The movie is all about the life and marriage of a fireman who seems to get all of the respect he could want in his job, but not nearly enough from his wife at home. You’ll find yourself laughing one moment and crying the next as you follow their journey from brokenness to healing.
Fireproof focuses on a few big issues that plague many marriages today but at the same time, covers the small issues that bring about the bigger problems. As I watched this film, I was challenged to examine my own life. I felt the major issues facing the main characters in the movie didn’t happen overnight and realized that the way I treat Jim today effects how our relationship will be five years from now.

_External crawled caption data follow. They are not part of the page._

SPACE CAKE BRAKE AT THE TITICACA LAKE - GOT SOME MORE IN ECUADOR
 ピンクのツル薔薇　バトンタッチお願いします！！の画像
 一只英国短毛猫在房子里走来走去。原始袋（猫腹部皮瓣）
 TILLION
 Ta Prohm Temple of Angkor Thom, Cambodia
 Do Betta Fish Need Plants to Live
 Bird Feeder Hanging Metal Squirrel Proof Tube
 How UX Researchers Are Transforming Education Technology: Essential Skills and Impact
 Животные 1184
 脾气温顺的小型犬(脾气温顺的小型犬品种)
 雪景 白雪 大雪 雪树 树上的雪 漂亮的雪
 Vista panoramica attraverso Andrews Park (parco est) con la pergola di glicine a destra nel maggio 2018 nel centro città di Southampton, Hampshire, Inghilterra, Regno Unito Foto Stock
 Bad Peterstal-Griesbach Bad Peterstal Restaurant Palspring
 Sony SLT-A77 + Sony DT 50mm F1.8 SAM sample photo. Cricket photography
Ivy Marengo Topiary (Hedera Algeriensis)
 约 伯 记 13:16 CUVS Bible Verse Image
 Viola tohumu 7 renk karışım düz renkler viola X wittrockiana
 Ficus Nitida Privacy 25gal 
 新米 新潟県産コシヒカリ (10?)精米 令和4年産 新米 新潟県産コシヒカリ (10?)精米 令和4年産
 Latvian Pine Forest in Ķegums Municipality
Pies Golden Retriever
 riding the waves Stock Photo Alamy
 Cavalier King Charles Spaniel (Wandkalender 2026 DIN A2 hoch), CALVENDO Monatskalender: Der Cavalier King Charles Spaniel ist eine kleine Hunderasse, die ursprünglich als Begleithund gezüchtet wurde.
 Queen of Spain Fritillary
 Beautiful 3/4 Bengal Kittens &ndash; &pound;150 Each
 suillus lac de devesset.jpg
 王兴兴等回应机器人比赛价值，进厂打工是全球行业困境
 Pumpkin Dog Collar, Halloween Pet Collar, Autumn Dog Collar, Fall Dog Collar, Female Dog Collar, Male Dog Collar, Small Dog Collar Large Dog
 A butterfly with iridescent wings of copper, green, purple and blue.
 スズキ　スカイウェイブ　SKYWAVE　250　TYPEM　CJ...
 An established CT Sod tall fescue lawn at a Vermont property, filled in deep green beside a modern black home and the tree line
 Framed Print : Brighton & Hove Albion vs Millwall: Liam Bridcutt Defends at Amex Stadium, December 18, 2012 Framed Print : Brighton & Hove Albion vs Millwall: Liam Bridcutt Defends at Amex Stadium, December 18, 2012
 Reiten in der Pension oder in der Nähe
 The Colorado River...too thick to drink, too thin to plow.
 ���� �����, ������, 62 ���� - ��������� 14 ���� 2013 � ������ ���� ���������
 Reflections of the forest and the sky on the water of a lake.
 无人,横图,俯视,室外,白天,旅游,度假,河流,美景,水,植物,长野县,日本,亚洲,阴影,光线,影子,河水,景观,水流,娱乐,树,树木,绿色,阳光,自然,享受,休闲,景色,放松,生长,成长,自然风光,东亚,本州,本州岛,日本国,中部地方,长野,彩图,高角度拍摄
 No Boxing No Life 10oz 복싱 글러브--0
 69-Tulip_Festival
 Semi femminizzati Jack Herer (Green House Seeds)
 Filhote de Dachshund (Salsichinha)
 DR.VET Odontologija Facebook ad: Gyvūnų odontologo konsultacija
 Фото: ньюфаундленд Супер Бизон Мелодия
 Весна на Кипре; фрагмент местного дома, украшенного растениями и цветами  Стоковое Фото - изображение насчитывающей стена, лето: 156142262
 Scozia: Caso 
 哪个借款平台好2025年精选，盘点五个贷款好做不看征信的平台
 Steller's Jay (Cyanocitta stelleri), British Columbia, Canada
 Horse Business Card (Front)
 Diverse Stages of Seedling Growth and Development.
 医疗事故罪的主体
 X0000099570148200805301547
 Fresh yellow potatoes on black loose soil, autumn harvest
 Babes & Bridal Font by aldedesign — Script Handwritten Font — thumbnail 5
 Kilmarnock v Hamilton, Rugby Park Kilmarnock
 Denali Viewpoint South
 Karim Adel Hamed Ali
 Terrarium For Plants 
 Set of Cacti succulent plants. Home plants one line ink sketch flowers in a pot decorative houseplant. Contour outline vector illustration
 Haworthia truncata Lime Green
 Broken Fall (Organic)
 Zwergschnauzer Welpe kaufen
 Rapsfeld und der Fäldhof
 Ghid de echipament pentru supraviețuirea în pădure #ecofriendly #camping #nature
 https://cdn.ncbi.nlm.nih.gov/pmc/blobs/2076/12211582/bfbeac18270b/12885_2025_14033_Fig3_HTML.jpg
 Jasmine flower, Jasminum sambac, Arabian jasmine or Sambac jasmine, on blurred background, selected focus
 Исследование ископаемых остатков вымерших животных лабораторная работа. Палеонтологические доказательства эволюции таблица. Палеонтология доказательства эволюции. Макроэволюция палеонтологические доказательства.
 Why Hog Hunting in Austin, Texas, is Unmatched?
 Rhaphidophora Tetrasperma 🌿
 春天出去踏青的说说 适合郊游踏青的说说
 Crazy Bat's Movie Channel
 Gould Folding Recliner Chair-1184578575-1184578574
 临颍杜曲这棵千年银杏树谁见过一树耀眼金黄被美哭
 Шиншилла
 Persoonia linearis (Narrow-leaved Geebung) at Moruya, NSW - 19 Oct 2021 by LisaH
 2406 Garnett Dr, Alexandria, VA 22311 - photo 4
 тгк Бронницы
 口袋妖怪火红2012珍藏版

One of the issues plaguing the characters in the movie is respect. They each feel their spouse doesn’t respect them as they should. The resentment they feel is so strong, it brings about bigger issues that they eventually have to deal with, reminding me that a good relationship starts with respect.
Also in the movie, the main character reads a book called “The Love Dare” causing him to examine how he treats his wife on a daily basis and challenging him to treat her with more thoughtfulness. Seeing this made me wonder, are we kind and thoughtful or do most of us go about our day only thinking of ourselves? Do we honor one another or do we spend most of our time arguing about the little things that nag at us until the argument becomes a big deal?
I just love a line from one of the songs in the movie that says “love is not a fight, but it’s something worth fighting for”. Oh how we need to be reminded of that! We need to look into our relationships and remind ourselves that this is important and definitely worth fighting for! We aren’t to be fighting one another, but rather fighting FOR one another. Remember, no one else can make our relationships better for us. That is something only we can do.